* BRIEF: From the listing that follows, reproduce only the lines from the one holding "Funny Metastatic Breast" through the one holding "Jesse Lingard Manchester", both included, with no pictures.

* MATERIAL SHOWN:
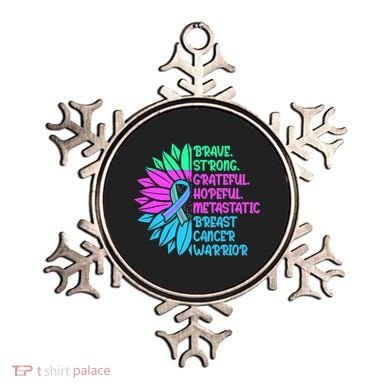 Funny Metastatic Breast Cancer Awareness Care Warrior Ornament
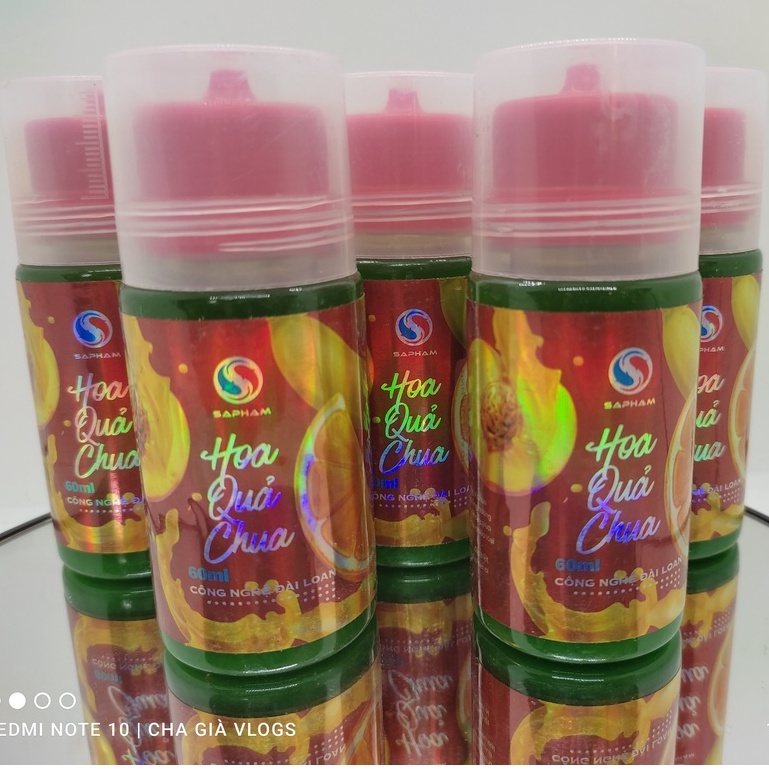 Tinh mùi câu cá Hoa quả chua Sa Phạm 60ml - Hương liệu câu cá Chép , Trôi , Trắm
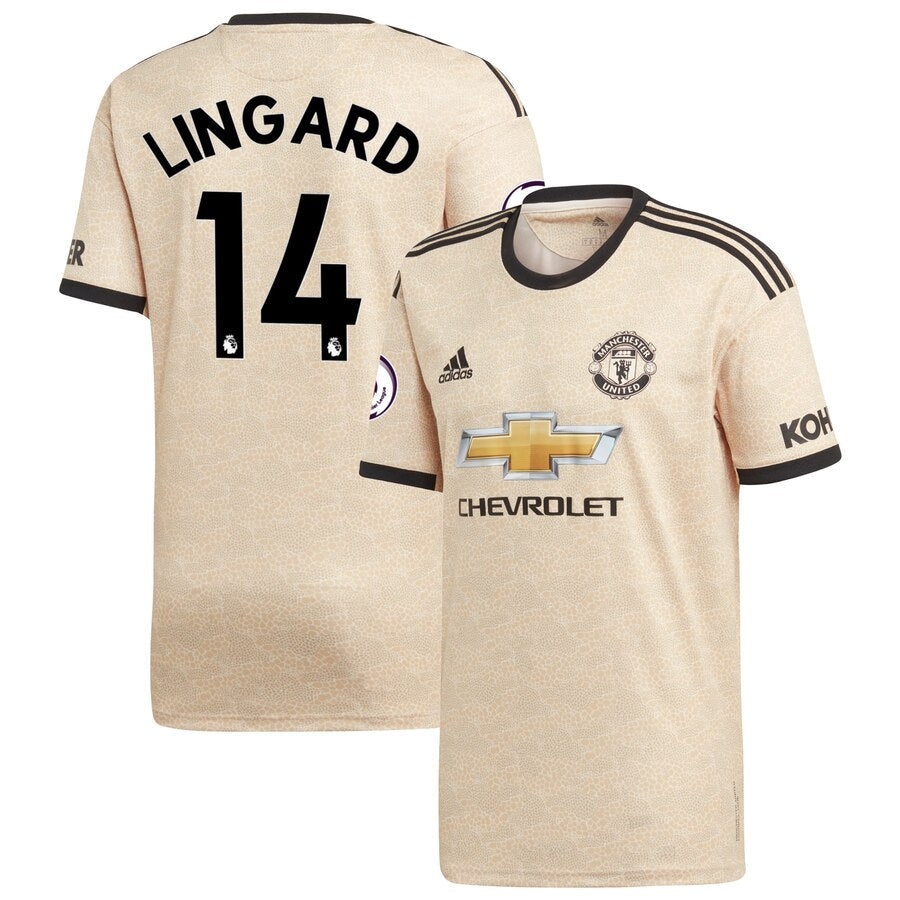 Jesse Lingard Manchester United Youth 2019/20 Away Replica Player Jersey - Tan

...

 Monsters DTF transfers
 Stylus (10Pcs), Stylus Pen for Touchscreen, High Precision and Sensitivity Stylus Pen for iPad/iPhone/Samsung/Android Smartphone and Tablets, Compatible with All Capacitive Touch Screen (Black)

...

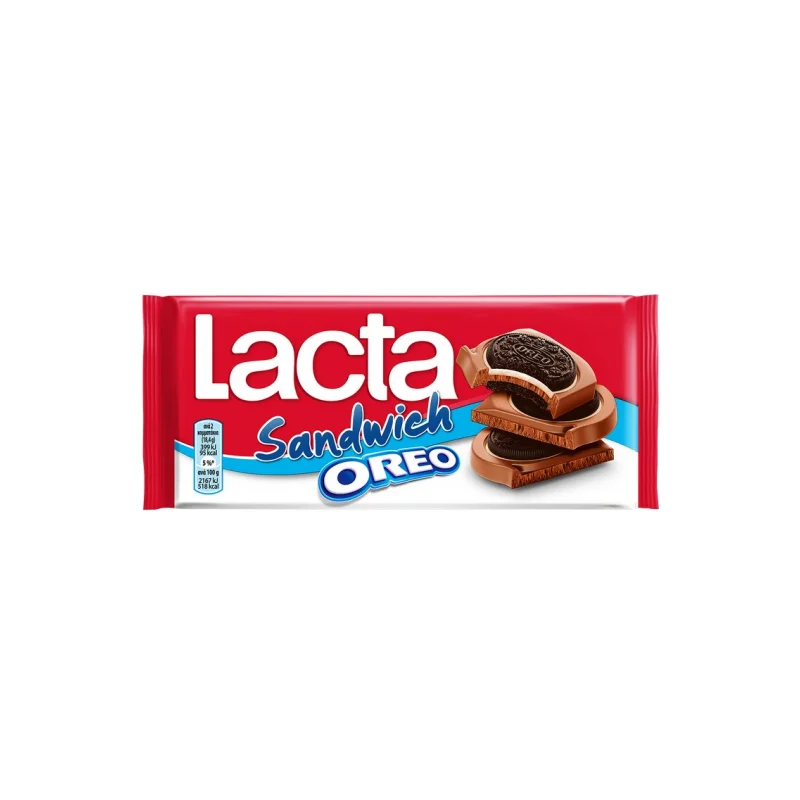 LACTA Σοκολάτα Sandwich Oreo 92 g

* TASK RESULT:
 Funny Metastatic Breast Cancer Awareness Care Warrior Ornament
 Tinh mùi câu cá Hoa quả chua Sa Phạm 60ml - Hương liệu câu cá Chép , Trôi , Trắm
 Jesse Lingard Manchester United Youth 2019/20 Away Replica Player Jersey - Tan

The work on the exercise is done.